Data below:
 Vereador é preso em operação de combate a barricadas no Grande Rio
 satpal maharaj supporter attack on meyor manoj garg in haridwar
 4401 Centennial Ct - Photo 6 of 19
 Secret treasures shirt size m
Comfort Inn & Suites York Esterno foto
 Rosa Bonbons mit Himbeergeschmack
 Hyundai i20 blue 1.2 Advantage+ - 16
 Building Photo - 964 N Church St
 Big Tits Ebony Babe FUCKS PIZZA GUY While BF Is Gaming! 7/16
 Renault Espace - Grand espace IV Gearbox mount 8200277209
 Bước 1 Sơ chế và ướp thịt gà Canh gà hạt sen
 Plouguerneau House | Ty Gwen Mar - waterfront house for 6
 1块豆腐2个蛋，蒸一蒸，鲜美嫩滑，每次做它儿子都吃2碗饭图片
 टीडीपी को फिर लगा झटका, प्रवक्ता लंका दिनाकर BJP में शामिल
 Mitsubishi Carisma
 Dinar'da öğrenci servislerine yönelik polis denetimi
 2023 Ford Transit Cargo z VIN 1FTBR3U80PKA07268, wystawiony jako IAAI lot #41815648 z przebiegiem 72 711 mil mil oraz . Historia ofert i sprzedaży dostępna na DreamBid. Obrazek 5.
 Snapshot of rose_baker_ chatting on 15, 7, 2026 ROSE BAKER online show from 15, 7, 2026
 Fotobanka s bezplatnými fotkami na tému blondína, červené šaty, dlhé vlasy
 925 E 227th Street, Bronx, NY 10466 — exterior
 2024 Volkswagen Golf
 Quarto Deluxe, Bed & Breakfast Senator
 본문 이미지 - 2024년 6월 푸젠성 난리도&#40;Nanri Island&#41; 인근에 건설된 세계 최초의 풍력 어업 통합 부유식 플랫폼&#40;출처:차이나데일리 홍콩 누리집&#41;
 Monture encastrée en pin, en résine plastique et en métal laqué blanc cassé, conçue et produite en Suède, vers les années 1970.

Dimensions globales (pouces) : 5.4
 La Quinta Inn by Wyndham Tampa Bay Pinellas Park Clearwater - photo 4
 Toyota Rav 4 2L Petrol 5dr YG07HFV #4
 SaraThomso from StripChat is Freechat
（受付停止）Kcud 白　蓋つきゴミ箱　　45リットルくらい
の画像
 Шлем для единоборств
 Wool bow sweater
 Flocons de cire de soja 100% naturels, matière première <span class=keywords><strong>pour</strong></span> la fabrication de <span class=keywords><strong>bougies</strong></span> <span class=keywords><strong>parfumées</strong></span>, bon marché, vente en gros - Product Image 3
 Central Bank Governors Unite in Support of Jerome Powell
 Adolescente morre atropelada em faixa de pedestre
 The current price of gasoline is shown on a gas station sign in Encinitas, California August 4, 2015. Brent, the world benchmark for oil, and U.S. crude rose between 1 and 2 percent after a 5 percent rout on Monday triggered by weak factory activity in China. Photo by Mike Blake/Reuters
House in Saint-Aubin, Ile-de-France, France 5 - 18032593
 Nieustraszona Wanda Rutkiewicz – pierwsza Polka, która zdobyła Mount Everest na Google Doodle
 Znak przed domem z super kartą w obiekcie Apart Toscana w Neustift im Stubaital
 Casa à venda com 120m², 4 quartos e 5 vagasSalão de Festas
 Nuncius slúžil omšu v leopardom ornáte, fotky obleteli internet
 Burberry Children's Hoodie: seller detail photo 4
End of Data.
What is being asked: Go back to the listing above. Copy word for word the lines from the one with "Rosa Bonbons mit Himbeergeschmack" through the one with "Adolescente morre atropelada", and nothing more.

Output of the exercise:
 Rosa Bonbons mit Himbeergeschmack
 Hyundai i20 blue 1.2 Advantage+ - 16
 Building Photo - 964 N Church St
 Big Tits Ebony Babe FUCKS PIZZA GUY While BF Is Gaming! 7/16
 Renault Espace - Grand espace IV Gearbox mount 8200277209
 Bước 1 Sơ chế và ướp thịt gà Canh gà hạt sen
 Plouguerneau House | Ty Gwen Mar - waterfront house for 6
 1块豆腐2个蛋，蒸一蒸，鲜美嫩滑，每次做它儿子都吃2碗饭图片
 टीडीपी को फिर लगा झटका, प्रवक्ता लंका दिनाकर BJP में शामिल
 Mitsubishi Carisma
 Dinar'da öğrenci servislerine yönelik polis denetimi
 2023 Ford Transit Cargo z VIN 1FTBR3U80PKA07268, wystawiony jako IAAI lot #41815648 z przebiegiem 72 711 mil mil oraz . Historia ofert i sprzedaży dostępna na DreamBid. Obrazek 5.
 Snapshot of rose_baker_ chatting on 15, 7, 2026 ROSE BAKER online show from 15, 7, 2026
 Fotobanka s bezplatnými fotkami na tému blondína, červené šaty, dlhé vlasy
 925 E 227th Street, Bronx, NY 10466 — exterior
 2024 Volkswagen Golf
 Quarto Deluxe, Bed & Breakfast Senator
 본문 이미지 - 2024년 6월 푸젠성 난리도&#40;Nanri Island&#41; 인근에 건설된 세계 최초의 풍력 어업 통합 부유식 플랫폼&#40;출처:차이나데일리 홍콩 누리집&#41;
 Monture encastrée en pin, en résine plastique et en métal laqué blanc cassé, conçue et produite en Suède, vers les années 1970.

Dimensions globales (pouces) : 5.4
 La Quinta Inn by Wyndham Tampa Bay Pinellas Park Clearwater - photo 4
 Toyota Rav 4 2L Petrol 5dr YG07HFV #4
 SaraThomso from StripChat is Freechat
（受付停止）Kcud 白　蓋つきゴミ箱　　45リットルくらい
の画像
 Шлем для единоборств
 Wool bow sweater
 Flocons de cire de soja 100% naturels, matière première <span class=keywords><strong>pour</strong></span> la fabrication de <span class=keywords><strong>bougies</strong></span> <span class=keywords><strong>parfumées</strong></span>, bon marché, vente en gros - Product Image 3
 Central Bank Governors Unite in Support of Jerome Powell
 Adolescente morre atropelada em faixa de pedestre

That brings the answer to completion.